Supernova remnant 1987A continues to reveal secrets
Just over 25 years ago, in February 1987, astronomers observing the Large Magellanic Cloud – a nearby dwarf galaxy – noticed the sudden appearance of what appeared to be a new star. But they were watching not the birth of a star but the death of one.
It was the brightest supernova seen from Earth since the telescope was invented 400 years ago. By the following day, news of the discovery had spread around the globe, and southern hemisphere stargazers began watching the aftermath of the enormous stellar explosion.
Since then, the remnant of what astronomers call Supernova 1987A has continued to be a focus for researchers around the world, providing a wealth of information about one of the universe’s most extreme events.
In research published in the Astrophysical Journal, astronomers in Australia and Hong Kong used the Australia Telescope Compact Array in New South Wales to make the highest resolution radio images yet obtained of the expanding supernova remnant at millimetre wavelengths.
“Imaging distant astronomical objects like this at wavelengths less than one centimetre demands the most stable atmospheric conditions,” said the lead author, Dr Giovanna Zanardo of ICRAR. “For this telescope these are usually only possible during cooler winter conditions; but even then, the humidity and low elevation of the site makes things very challenging.”
Unlike optical telescopes, a radio telescope can operate in the daytime and can peer through gas and dust, allowing astronomers to see the inner workings of supernova remnants, radio galaxies and black holes.

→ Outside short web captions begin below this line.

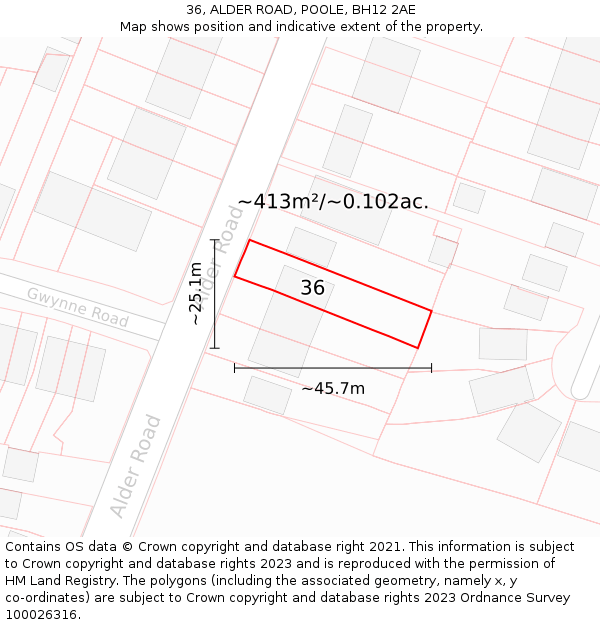 36, ALDER ROAD, POOLE, BH12 2AE: Plot and title map
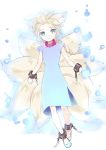  1girl age_regression animal_ears ankle_cuffs blonde_hair blue_eyes collar elsa_(frozen) fox_ears fox_tail frozen_(disney) hidaka_ajiko highres kemonomimi_mode solo tail wrist_cuffs younger 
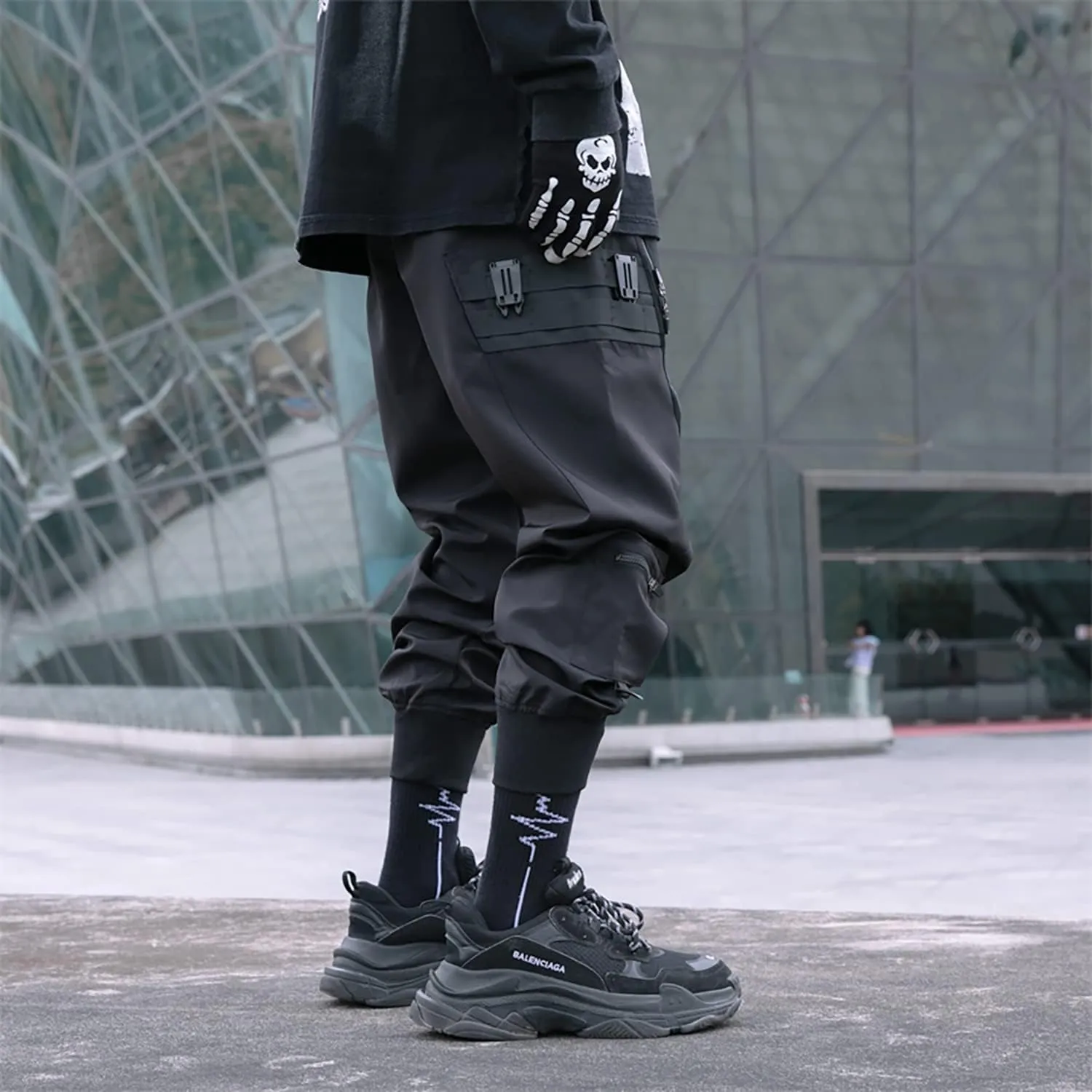 MOKEWEN Men's Jogger Cargo Techwear Streetwear Ankle Casual Harem Pants with Pocket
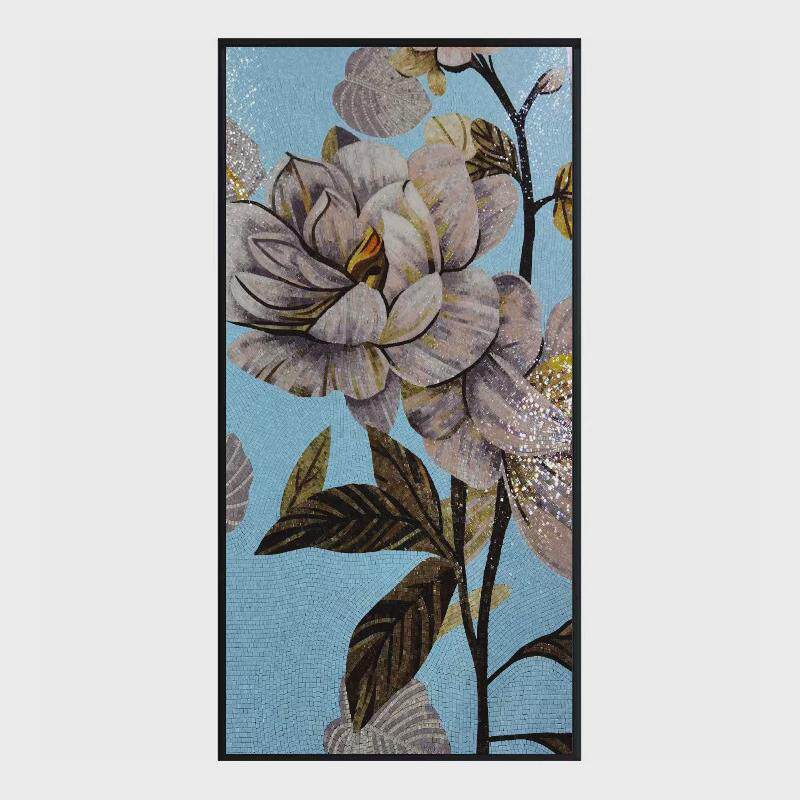 佛山马赛克艺术镶嵌剪画拼图拼花羽毛玄关背景墙简约装饰壁画厂家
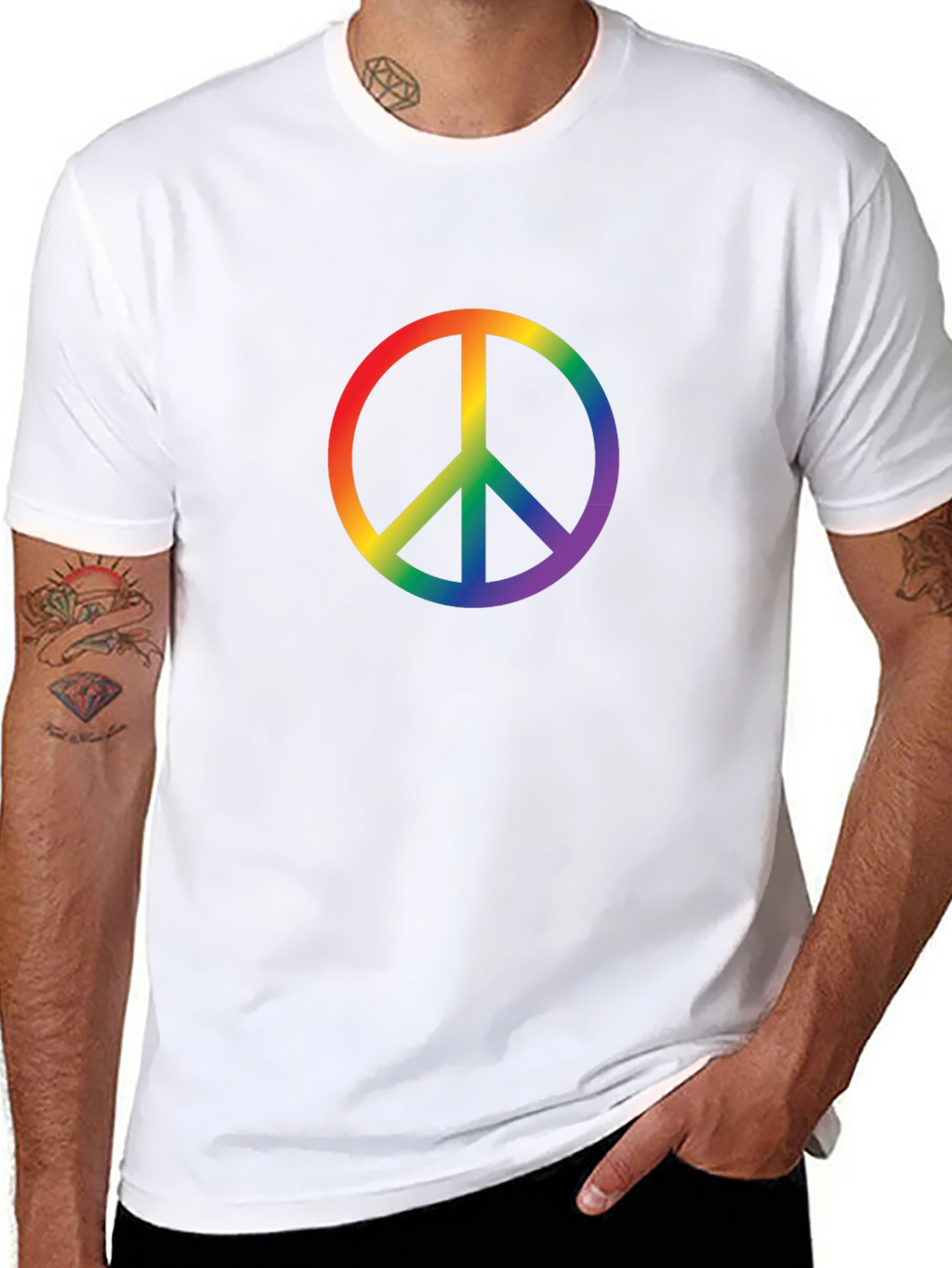 Rainbow Peace Sign Black T-Shirt
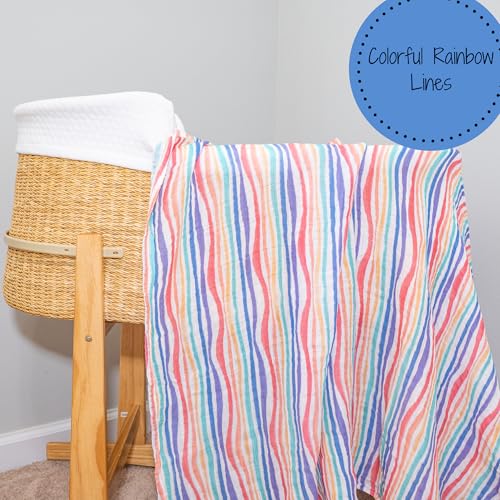 Image of LollyBanks Baby Blankets 2 Pack, 100% Organic Cotton Muslin Swaddle Blankets for Boys and Girls, Soft and Breathable 47 x 47 Inches Newborn Receiving Blanket, Baby Registry (Rainbow and Colorful Wave)
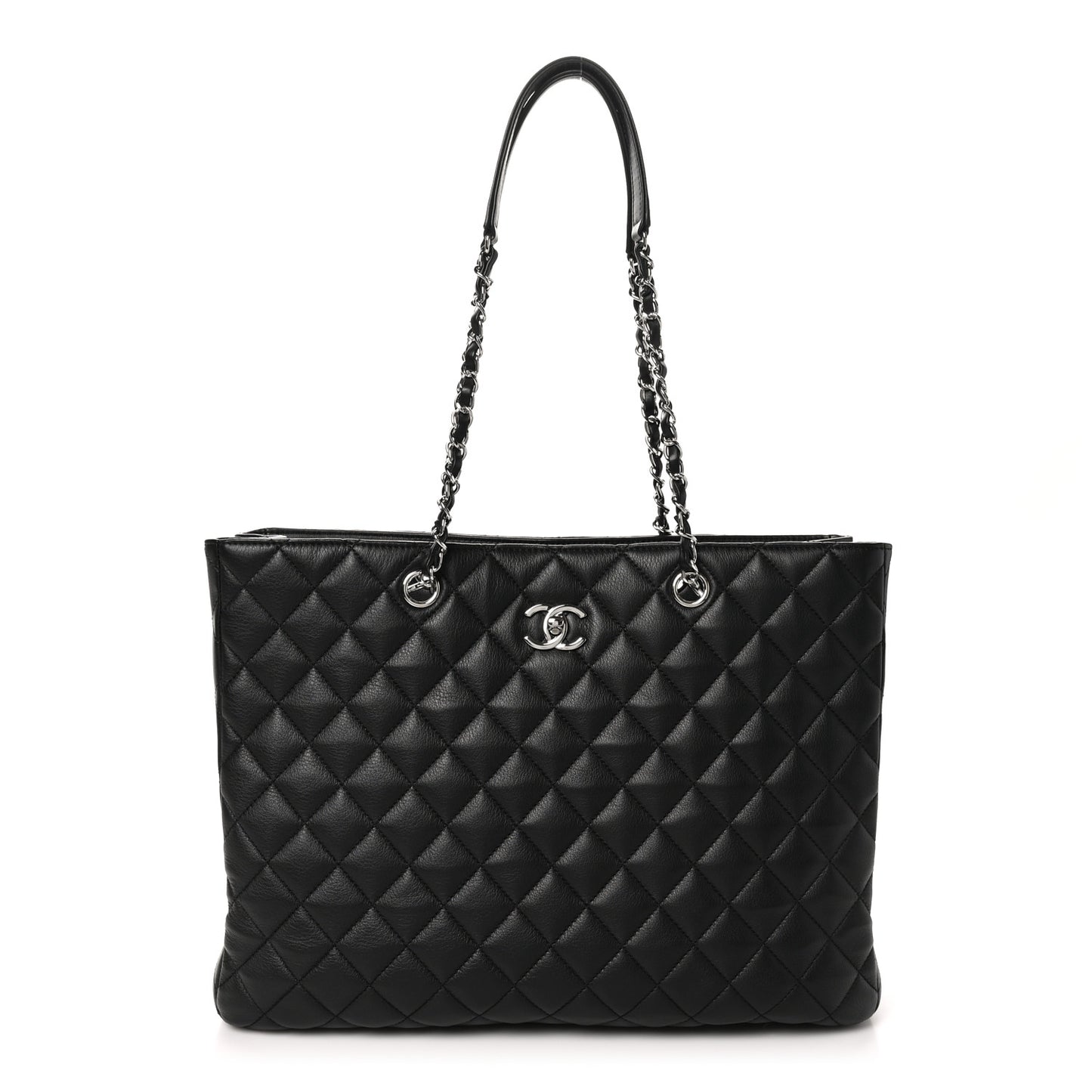 Calfskin Quilted Large Classic Shopping Tote Black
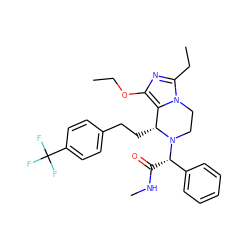 CCOc1nc(CC)n2c1[C@@H](CCc1ccc(C(F)(F)F)cc1)N([C@@H](C(=O)NC)c1ccccc1)CC2 ZINC000095602446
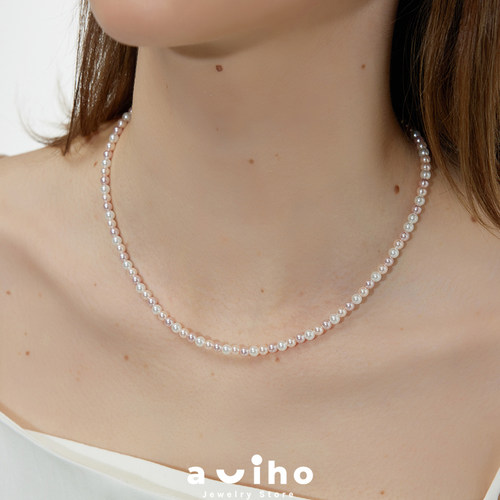 aviho 淡粉高级糖果色进口施家小珍珠混彩串珠项链轻奢超级温柔色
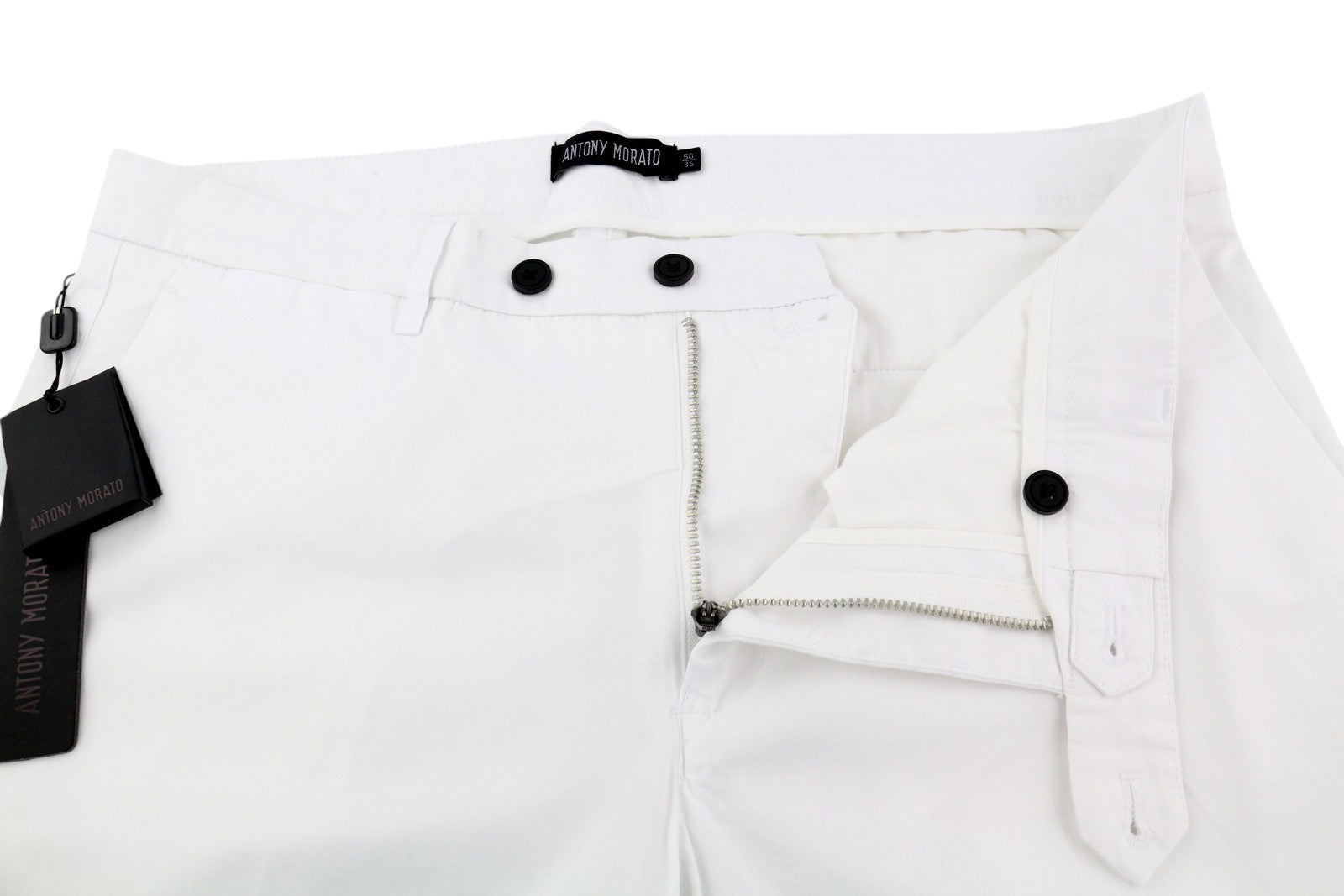 ANTONY MORATO Men Trousers W36 White Chino Slim Fit Flat Front Zipper Casual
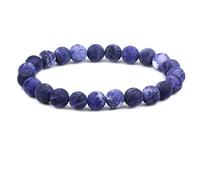 CHENYUE Natural Matt Sodalite Gemstone 8mm Round Beads Stretch Bracelet 7" Unisex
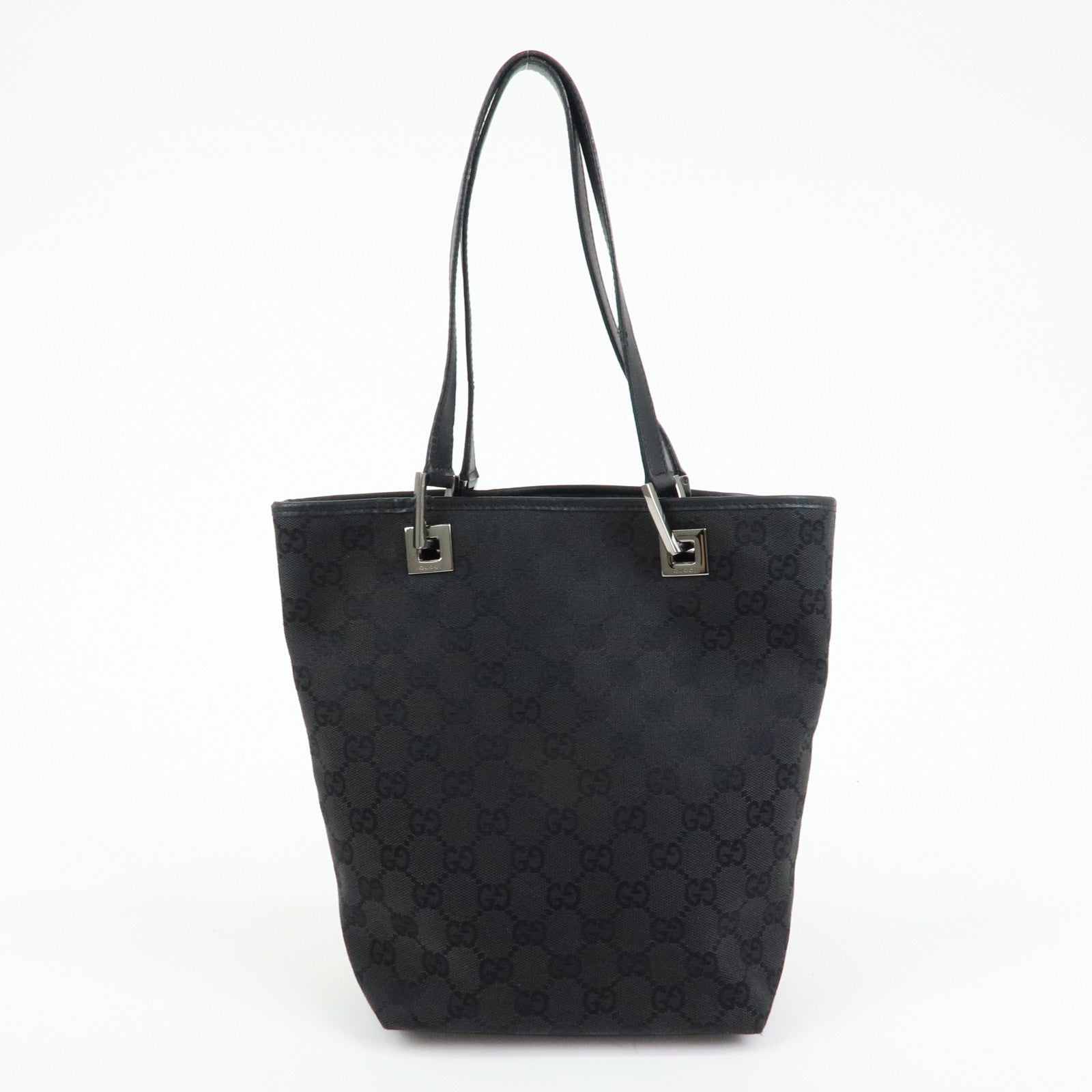 GUCCI GG Canvas Leather Tote Bag Hand Bag Shoulder Bag Black 31244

“Supernova remnants are like natural particle accelerators, the radio emission we observe comes from electrons spiralling along the magnetic field lines and emitting photons every time they turn. The higher the resolution of the images, the more we can learn about the structure of this object,” said Professor Lister Staveley-Smith, deputy director of ICRAR and the Centre for All-sky Astrophysics.
Scientists study the evolution of supernovae into supernova remnants to gain an insight into the dynamics of these massive explosions and the interaction of the blast wave with the surrounding medium.
“Not only have we been able to analyse the morphology of Supernova 1987A through our high-resolution imaging, we have compared it to X-ray and optical data in order to model its likely history,” said centre Director Professor Bryan Gaensler.
The team suspects a compact source or pulsar wind nebula to be sitting at the centre of the radio emission, implying that the supernova explosion did not make the star collapse into a black hole. They will now attempt to observe further into the core and see what’s there.